Did him no harm and probably some good.
44 - But Brown is seen as dragging his heels over environmentalism and as having been pushed into it, that may not be fair but it’s the common perception.
So what else was there? I suppose he has nearly seen off all challengers but that’s merely an internal matter, nothing to do with the way he is perceived by voters. That’s the area he really needs to improve on.
The greatest trick Gordon Brown ever made was to convince a great deal of people that they were getting richer as they slid further and further into debt..
43. He is vain and conceited, two traits which over time have come to obscure his talents almost entirely.
43 No politician has an ego small enough for them to easily see themselves as others do.
Potty lost his seat, had a Damascene conversion, found a new seat and was probably astonished, once back in parliament, that his colleagues were wary of him in his new guise ( he of He Who Dares Wins fame). It would appear that he didn’t have the political skill to quite pull off that most difficult of tricks and it looks as if he has smarted for it ever since.
In those circumstances it is not uncommon for someone to focus on an object on which to project their ire and frustration, and often that is someone who took the prize, lover or role that the disappointed one wanted. In this case Hague and Howard? Both leaders, both had the role Potty wanted. the recognition,the status.

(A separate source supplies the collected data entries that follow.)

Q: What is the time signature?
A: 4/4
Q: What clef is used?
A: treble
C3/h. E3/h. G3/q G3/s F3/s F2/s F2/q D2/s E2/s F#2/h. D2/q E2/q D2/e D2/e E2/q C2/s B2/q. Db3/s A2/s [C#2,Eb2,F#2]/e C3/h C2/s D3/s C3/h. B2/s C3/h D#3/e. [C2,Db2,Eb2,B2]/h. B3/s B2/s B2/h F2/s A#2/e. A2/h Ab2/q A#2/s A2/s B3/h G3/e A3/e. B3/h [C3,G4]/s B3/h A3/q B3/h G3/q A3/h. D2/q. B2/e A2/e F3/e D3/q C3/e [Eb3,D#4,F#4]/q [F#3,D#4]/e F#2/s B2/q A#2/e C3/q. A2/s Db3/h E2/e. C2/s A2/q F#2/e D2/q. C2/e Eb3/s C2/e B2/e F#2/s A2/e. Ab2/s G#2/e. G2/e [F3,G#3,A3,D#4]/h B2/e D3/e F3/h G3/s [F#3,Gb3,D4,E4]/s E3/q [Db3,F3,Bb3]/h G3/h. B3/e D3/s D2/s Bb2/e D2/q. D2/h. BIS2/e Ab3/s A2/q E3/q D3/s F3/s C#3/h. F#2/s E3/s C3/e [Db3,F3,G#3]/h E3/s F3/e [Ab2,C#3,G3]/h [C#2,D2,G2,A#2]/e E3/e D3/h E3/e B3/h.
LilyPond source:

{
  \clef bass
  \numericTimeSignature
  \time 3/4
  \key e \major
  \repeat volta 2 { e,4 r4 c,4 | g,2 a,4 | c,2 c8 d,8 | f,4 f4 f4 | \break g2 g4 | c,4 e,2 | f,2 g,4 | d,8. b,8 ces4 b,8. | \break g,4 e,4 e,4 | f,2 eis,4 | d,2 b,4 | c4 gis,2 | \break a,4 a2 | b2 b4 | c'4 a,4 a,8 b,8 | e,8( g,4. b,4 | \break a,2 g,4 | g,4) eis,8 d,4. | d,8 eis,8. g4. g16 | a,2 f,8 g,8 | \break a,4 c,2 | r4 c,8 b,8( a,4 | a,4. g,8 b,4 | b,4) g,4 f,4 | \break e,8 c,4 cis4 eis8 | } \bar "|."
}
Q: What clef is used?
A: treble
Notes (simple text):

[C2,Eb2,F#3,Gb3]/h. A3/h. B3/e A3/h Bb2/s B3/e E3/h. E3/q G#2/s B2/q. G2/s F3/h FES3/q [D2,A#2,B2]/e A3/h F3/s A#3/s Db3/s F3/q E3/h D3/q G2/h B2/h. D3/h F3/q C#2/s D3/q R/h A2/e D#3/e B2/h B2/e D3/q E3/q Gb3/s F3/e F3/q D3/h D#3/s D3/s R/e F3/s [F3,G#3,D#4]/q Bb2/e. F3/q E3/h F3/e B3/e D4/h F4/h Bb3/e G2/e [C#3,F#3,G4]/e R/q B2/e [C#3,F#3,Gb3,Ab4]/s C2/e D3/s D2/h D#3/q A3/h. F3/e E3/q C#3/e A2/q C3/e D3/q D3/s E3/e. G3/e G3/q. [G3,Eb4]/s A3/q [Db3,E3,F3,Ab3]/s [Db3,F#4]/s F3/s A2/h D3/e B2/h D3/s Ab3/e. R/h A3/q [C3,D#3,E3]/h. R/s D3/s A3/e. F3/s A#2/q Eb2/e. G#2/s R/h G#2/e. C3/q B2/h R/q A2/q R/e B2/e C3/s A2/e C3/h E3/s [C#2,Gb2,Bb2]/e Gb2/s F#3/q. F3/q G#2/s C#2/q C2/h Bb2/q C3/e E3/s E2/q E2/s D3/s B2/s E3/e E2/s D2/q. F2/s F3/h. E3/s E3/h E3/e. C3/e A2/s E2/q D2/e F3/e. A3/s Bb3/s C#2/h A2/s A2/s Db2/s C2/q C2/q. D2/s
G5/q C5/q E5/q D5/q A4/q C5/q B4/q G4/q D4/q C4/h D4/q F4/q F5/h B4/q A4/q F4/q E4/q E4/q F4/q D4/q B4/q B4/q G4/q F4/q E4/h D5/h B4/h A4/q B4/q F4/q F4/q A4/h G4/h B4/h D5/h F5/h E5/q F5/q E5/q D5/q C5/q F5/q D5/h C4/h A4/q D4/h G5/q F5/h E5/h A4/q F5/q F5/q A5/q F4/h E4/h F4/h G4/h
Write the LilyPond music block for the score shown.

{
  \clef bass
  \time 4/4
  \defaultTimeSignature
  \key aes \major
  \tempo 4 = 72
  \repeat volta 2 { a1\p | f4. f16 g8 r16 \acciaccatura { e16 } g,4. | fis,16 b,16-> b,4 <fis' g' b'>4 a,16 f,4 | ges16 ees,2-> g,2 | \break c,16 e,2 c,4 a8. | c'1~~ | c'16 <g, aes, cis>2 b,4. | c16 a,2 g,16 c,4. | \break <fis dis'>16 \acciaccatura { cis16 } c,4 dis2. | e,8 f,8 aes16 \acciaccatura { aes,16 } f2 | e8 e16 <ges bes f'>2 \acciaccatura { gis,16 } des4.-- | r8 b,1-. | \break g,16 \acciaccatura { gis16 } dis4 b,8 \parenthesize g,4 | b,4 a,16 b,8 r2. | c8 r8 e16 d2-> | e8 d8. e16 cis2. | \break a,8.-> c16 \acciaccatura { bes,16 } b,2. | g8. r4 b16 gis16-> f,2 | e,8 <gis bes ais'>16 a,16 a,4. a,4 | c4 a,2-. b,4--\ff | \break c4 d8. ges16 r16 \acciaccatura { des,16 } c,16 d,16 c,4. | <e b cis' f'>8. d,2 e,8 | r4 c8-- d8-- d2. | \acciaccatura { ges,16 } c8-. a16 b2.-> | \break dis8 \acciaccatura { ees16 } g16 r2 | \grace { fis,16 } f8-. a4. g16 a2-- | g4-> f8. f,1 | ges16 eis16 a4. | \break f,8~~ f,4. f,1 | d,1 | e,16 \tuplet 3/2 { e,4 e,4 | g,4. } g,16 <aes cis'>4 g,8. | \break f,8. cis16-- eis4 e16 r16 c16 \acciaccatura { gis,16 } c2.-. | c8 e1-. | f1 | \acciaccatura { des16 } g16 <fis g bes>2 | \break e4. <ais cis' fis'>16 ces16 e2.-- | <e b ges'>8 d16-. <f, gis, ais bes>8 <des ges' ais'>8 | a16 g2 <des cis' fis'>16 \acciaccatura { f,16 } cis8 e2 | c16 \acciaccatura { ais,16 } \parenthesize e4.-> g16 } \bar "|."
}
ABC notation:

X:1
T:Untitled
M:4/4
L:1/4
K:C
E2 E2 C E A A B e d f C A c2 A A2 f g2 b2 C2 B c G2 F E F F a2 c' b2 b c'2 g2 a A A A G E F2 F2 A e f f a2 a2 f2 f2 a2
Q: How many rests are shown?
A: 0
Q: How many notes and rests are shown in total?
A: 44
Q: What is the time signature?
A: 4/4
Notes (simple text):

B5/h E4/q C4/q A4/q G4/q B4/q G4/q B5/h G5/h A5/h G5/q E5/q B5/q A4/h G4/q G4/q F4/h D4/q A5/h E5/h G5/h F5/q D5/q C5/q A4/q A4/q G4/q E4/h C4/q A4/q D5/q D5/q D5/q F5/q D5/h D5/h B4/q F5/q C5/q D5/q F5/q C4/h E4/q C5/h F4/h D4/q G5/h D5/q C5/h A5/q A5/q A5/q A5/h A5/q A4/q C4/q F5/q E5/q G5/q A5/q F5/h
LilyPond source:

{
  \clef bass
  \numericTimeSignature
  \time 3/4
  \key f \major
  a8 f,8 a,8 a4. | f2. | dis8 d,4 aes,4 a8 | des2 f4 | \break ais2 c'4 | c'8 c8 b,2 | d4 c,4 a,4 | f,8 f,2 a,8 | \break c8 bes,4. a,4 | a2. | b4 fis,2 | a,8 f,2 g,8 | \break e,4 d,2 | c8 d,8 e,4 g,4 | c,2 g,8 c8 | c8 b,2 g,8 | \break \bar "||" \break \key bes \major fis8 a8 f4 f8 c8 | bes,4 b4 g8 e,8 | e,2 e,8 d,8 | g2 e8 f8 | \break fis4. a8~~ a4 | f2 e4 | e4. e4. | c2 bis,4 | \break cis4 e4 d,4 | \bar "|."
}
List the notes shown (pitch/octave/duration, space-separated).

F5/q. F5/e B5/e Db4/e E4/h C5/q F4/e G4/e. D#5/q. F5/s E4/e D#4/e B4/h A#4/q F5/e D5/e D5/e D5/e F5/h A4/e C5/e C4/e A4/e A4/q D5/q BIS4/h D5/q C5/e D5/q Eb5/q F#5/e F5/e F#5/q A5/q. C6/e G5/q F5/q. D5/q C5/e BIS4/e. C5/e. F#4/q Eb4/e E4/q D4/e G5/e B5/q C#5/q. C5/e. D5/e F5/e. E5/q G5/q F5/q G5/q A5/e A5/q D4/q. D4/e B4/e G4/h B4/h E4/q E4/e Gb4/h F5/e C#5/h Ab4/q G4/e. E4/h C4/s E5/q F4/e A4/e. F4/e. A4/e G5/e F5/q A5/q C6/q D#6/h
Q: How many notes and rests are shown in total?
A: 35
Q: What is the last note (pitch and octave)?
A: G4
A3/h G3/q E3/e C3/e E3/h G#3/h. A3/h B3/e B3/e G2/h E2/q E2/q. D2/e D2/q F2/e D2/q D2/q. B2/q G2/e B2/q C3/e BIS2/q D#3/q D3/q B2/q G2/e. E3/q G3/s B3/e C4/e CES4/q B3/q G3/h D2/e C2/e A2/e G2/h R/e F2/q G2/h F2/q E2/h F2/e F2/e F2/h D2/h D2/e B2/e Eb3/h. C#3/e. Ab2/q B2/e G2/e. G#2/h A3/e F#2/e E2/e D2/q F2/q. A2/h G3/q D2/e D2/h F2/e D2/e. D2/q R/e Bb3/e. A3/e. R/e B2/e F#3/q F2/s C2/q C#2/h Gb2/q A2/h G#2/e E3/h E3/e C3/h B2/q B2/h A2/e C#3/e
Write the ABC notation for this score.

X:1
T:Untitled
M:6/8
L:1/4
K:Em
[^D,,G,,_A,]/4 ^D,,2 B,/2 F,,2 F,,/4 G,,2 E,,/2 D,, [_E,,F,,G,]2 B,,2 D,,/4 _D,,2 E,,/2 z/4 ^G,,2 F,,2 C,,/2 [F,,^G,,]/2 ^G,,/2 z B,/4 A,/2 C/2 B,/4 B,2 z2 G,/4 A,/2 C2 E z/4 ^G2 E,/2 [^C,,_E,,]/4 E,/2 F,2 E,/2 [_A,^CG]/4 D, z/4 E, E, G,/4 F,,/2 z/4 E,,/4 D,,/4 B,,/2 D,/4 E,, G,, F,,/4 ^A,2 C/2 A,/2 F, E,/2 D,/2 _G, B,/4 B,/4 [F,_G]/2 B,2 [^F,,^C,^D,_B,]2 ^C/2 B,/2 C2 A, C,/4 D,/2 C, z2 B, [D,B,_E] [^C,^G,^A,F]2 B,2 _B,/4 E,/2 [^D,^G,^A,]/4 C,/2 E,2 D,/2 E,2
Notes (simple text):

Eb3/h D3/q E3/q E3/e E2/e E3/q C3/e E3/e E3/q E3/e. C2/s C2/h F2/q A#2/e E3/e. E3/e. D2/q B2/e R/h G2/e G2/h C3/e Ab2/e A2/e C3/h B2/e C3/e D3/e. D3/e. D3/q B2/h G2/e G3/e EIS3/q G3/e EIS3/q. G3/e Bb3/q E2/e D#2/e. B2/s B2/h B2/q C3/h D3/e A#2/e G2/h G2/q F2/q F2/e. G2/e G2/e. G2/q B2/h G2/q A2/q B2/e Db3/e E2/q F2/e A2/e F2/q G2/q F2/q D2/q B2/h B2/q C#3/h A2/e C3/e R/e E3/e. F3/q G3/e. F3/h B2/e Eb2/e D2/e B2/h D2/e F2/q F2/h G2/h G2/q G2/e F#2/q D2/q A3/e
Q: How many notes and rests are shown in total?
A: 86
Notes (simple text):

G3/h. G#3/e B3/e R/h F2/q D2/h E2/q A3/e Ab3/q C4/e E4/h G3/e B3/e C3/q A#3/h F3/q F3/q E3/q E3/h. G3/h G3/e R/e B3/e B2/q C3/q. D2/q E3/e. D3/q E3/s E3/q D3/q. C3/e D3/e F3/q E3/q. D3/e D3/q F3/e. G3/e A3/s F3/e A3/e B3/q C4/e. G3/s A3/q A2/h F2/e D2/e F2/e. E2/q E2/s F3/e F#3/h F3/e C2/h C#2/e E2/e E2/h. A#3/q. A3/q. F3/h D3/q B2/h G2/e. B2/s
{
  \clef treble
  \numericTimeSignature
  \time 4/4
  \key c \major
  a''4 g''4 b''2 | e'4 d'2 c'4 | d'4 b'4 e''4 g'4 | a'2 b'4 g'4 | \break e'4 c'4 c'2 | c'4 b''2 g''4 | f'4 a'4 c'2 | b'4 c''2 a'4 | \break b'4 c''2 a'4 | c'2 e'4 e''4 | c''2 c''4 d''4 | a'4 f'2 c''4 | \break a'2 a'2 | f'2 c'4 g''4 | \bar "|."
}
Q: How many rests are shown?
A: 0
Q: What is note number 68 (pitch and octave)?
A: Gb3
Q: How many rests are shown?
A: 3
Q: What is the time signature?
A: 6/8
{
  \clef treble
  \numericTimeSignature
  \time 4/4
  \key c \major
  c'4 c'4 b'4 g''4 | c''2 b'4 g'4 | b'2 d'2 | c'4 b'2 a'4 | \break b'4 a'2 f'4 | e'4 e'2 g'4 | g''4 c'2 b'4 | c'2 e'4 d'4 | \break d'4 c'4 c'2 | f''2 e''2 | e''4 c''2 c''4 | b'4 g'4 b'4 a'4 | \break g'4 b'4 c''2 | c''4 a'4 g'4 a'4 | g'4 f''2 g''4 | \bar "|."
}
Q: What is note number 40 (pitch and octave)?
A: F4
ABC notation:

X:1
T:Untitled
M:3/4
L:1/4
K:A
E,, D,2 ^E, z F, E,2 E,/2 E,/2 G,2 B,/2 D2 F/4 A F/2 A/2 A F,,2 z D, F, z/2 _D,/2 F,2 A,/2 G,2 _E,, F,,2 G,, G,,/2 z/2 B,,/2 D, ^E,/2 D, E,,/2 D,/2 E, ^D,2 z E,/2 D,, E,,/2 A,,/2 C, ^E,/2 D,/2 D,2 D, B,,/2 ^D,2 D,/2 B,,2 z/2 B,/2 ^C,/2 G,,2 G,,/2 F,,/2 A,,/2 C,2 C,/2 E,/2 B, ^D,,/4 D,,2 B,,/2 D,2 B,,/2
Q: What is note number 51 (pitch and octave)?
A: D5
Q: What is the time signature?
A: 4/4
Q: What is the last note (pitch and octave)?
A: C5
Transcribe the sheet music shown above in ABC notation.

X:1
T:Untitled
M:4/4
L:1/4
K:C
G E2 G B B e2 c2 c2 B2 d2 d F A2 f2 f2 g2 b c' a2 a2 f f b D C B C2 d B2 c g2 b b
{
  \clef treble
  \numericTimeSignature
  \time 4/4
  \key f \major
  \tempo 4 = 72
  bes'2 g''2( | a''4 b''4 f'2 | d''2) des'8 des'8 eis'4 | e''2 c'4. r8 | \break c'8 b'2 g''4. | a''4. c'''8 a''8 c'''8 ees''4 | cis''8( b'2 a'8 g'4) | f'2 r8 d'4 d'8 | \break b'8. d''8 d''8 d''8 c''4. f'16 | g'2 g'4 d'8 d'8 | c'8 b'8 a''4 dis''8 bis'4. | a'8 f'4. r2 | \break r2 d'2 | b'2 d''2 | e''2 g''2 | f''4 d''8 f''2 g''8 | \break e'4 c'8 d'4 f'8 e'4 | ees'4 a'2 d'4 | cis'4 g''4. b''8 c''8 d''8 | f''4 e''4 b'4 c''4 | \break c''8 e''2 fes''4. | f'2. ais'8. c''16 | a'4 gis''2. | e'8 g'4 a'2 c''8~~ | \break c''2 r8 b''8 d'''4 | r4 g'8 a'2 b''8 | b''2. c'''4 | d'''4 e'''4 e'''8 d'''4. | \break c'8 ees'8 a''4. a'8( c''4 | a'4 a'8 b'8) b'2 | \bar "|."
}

The least easy thing any of our egos will do is allow us to accept we are the ones to blame for our own fortunes. For a politician…
45,
I would disagree realism is my perception.
Many would see Camerons conversion, as lets wait and see what he actually proposes to effect change.
The media might be pre-occupied with this at the moment, but if normal working families are priced out many activities, the mood could change.
In my opinion much more advancement on technoligical change, by big business and governments will be the eventual answer.
46. The perfect assessment of 10 years of Gordon Brown in No11.
26&40. A glowing reference from PB.com might help!
OT but saw its 25 years since Robert Maxwell was found dead floating off the Canary Is. Once he was gone the whole Pergammon/Mirror con unravelled and the secrets exposed. Wondered if we’ll see similar once Blair has left the stage or will Gordon manage to get away with a clean break?
I cannot imagine Gordon wants an Iraq enquiry dominating his first few months in office which would be the case if the Govt had agreed with the Tories for an enquiry late next year but will he be able to get away with “its time to move on?” The problem with a coronation is that it is a seamless transition and the mistakes of the previous PM stay to haunt the new.
15. There have been some very odd and revealing Murdoch editorials on Cameron in recent days - in The Sun, the Times and now the Sunday Times.
The ostensible reason they are so down on Cameron is because, they say, Cameron is shifting the Tories into the anti-war camp. This, they claim, is ‘opportunism’.
Derr? Cameron is just responding to the situation as it is, to a war that has gone embarrassingly, humiliatingly and catastrophically wrong. Any sentient politician would do the same.
So why are these pro-war papers behaving so oddly? I think there is a Freudian dynamic at work. The strange, bullying, splenetic tone of the editorials shows sublimation at work. The real anger of the liberal pro-war elite is aimed at Blair, at the people behind the war, the thinkers who came up with it, the Labour ministers and their media supporters - in other words their real anger is aimed at themselves, it’s self hatred.
You can see it in the tortured faces of Labour MPs standing up in the Commons shrieking at the Tories during the Inquiry debate: so much anger, so much grief, so much weird and anguished denial. They know they have made a terrible tragic error that will forever blight their careers and their souls, but they can’t quite admit this, they cannot yet permit such damage to the psyche, so they turn on the person who seems to be benefiting from their misery: Cameron.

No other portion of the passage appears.